Ainsi, le second critère cumulatif d’application de la Recommandation « Jeux d’argent » n’est pas rempli et de ce fait, la Recommandation n’est pas applicable.

L’annonceur affirme qu’il n’y aura pas de nouvelle diffusion de cette vidéo, le jeu promotionnel étant terminé.

3. L’analyse du Jury

Le Jury rappelle qu’il résulte des dispositions déontologiques, notamment celles contenues dans la Recommandation « Jeux d’argent » de l’ARPP, que :

« 1.2 Les valeurs sociales

Toute communication commerciale doit être conçue avec un juste sens de la responsabilité sociale et professionnelle” Art.1 du Code de la Chambre de Commerce Internationale relatif à la publicité.

Ainsi, la publicité pour les jeux d’argent ne doit pas, de quelque manière que ce soit :

a/ porter atteinte à la dignité humaine ;

b/ dévaloriser l’effort, le travail, les études, par rapport au jeu ;

(…) e/ exploiter des sentiments de peur ou de souffrance (…) »

« 1.4 Jeu responsable

La publicité des jeux d’argent ne doit pas valoriser, banaliser ou inciter à une pratique du jeu excessive, immodérée, susceptible de mettre le joueur en péril financier, social ou psychologique.

A cet effet, la publicité des jeux d’argent ne doit pas, de quelque manière que ce soit :

(…)

f/ présenter le jeu comme un moyen de recouvrer des pertes au jeu ; g/ suggérer que le jeu est une façon de régler des difficultés financières, passagèrement ou durablement ;

h/ présenter le jeu comme une échappatoire face à des difficultés personnelles, professionnelles ou psychologiques ;

i/ présenter le jeu comme une activité permettant de gagner sa vie plutôt que comme un divertissement (…) »

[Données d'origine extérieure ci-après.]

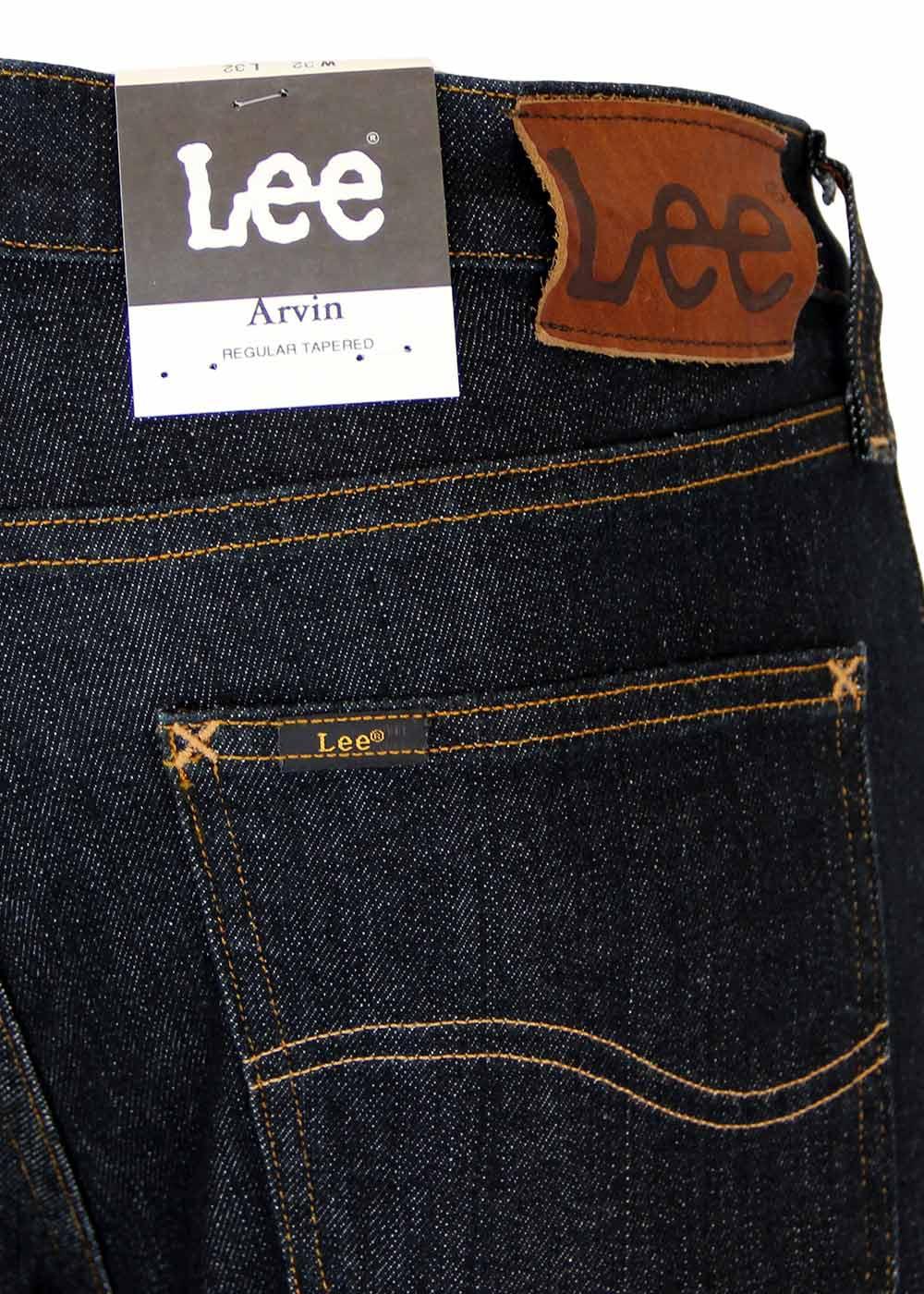LEE Arvin Retro 60s Mod Clean Denim Regular Tapered Jeans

Le Jury observe que le message publicitaire critiqué, s’il ne fait pas la promotion directement d’un jeu d’argent (avec mise d’argent au départ), puisqu’il s’agit d’un « teaser » pour inciter le public cible à participer à un « escape game » gratuit, vise néanmoins à mieux faire connaître le Loto à une population plus jeune (18-30 ans). Le film publicitaire en cause entre donc dans le champ des dispositions précitées de la Recommandation « Jeux d’argent » de l’ARPP.

Le Jury relève par ailleurs que si la situation choisie est celle, non pas d’une personne en situation de précarité, mais d’une colocation étudiante, la mise en scène (lit défait, placards quasiment vides, personnage la tête dans les mains, accumulation de factures impayées) peut introduire une confusion dans l’esprit du public, entretenue par les slogans tels que « Enfermé dans vos emmerdes ? ».

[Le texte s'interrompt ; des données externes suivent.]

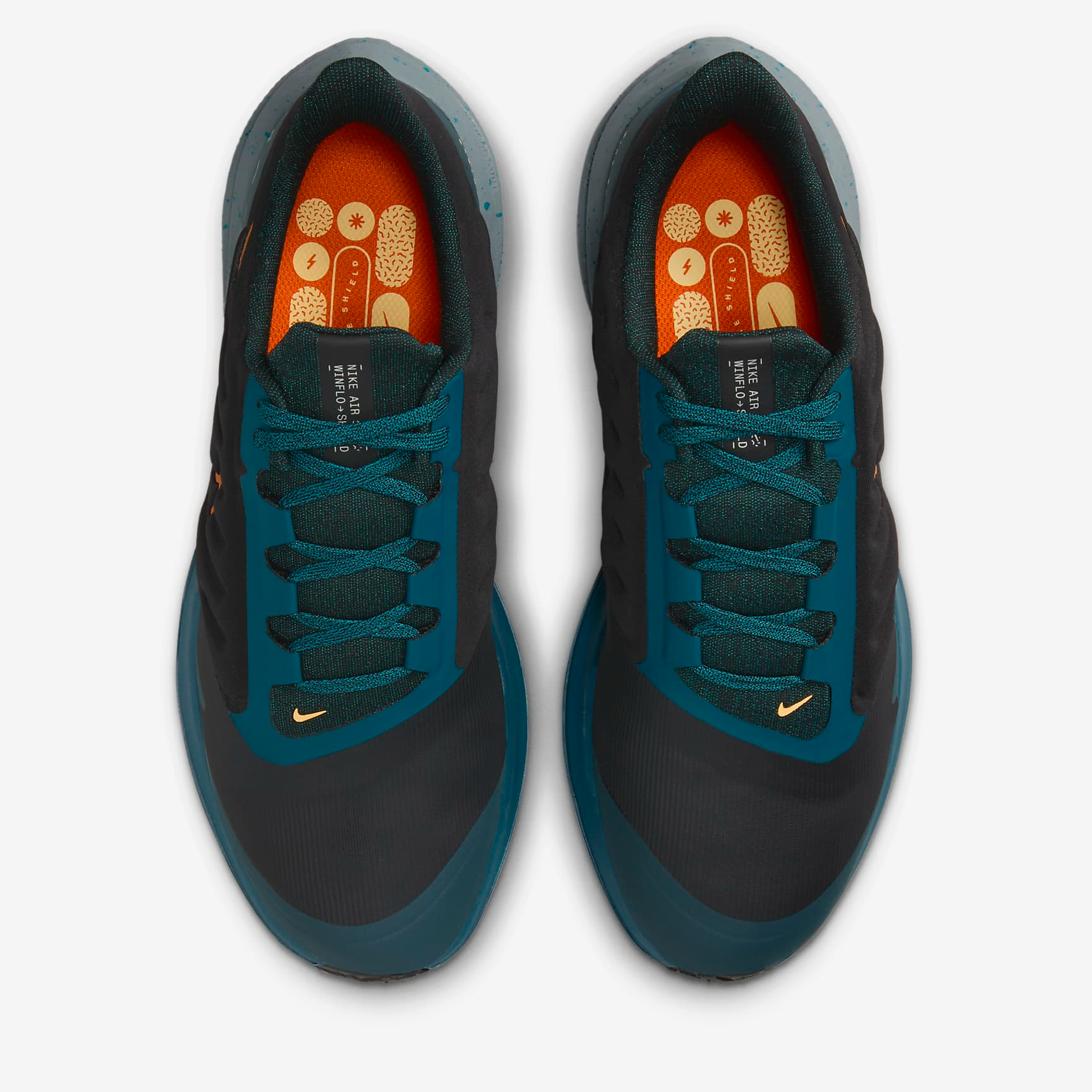 Giày Nike Winflo 9 Shield 'Deep Jungle' DM1106-002 - Ảnh 3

Si les codes de l’ « escape game » classique (enfermement dans une seule pièce, énigmes à résoudre sous la forme de numéros à trouver…) sont présents, la publicité repose sur le parallèle entre l’enfermement dans une pièce dont il faut sortir – principe même de l’« escape game » – et le fait de pouvoir se sortir d’une situation délicate grâce au jeu du Loto. Par ailleurs, le choix d’une situation réaliste pour présenter le jeu contribue à renforcer le processus d’identification entre le public et le personnage du film. L’allusion aux difficultés financière est tangible, puisqu’un plan s’attarde sur une facture impayée que le personnage tient entre ses mains avant de la jeter sur un tas d’autres documents.

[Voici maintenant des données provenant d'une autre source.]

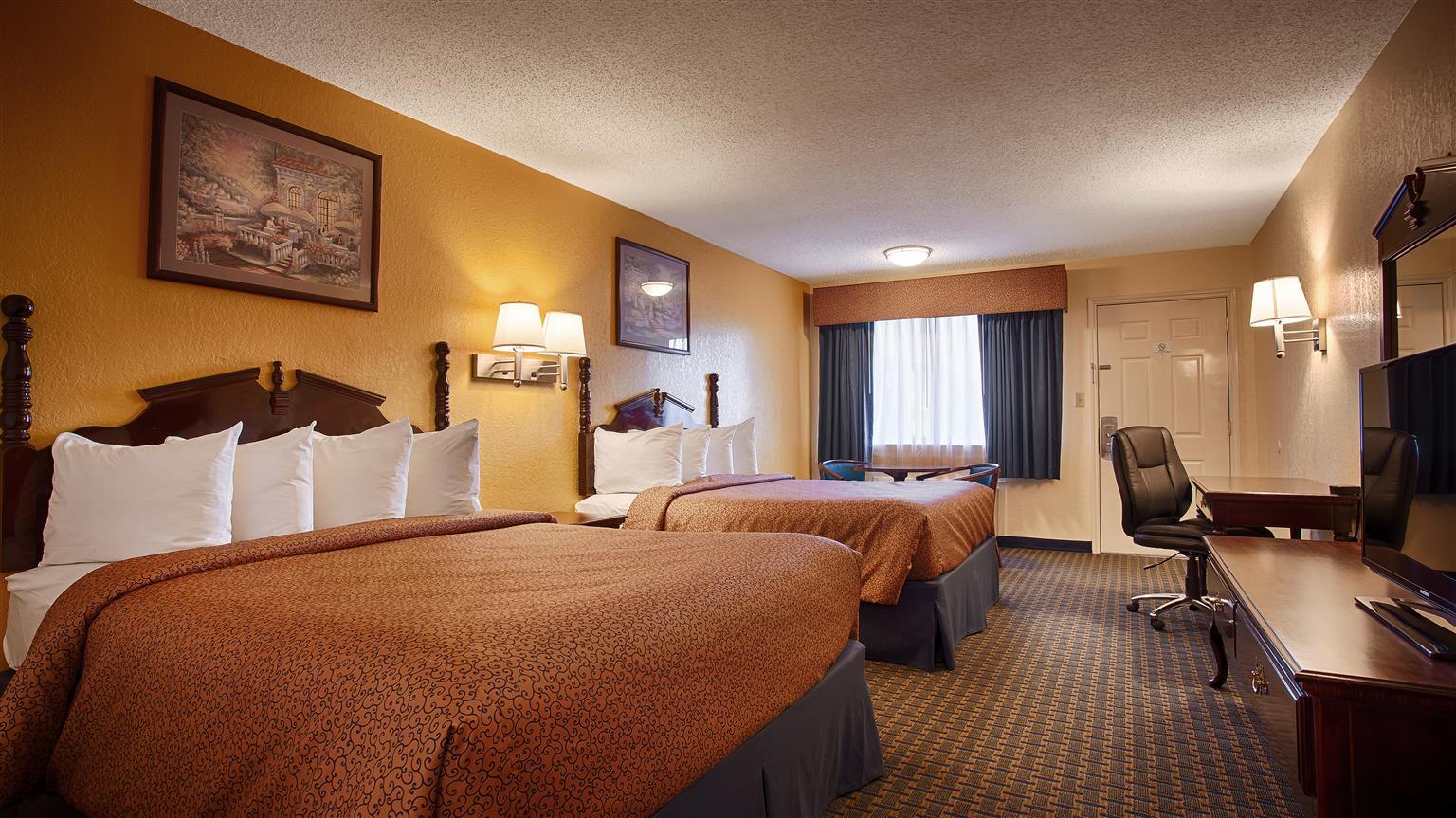Best Western Coleman Inn Esterno foto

Le Jury estime donc que cette publicité, construite autour de l’idée que l’on peut sortir d’une situation financière difficile par le jeu, et dont l’objectif, en promouvant « l’escape game loto », est de mieux faire connaître le Loto aux jeunes, présente le jeu comme une échappatoire et comme un moyen de régler des difficultés financières.

Compte tenu de ces éléments, le Jury est d’avis que la publicité en cause contrevient aux dispositions des articles de la Recommandation « Jeux d’argent » de l’ARPP précitées.

Avis adopté le vendredi 2 juin 2017 par Mme Michel-Amsellem, Présidente, Mme Sophie-Justine Lieber, Vice-Présidente, Mme Moggio, MM. Benhaïm, Depincé et Leers.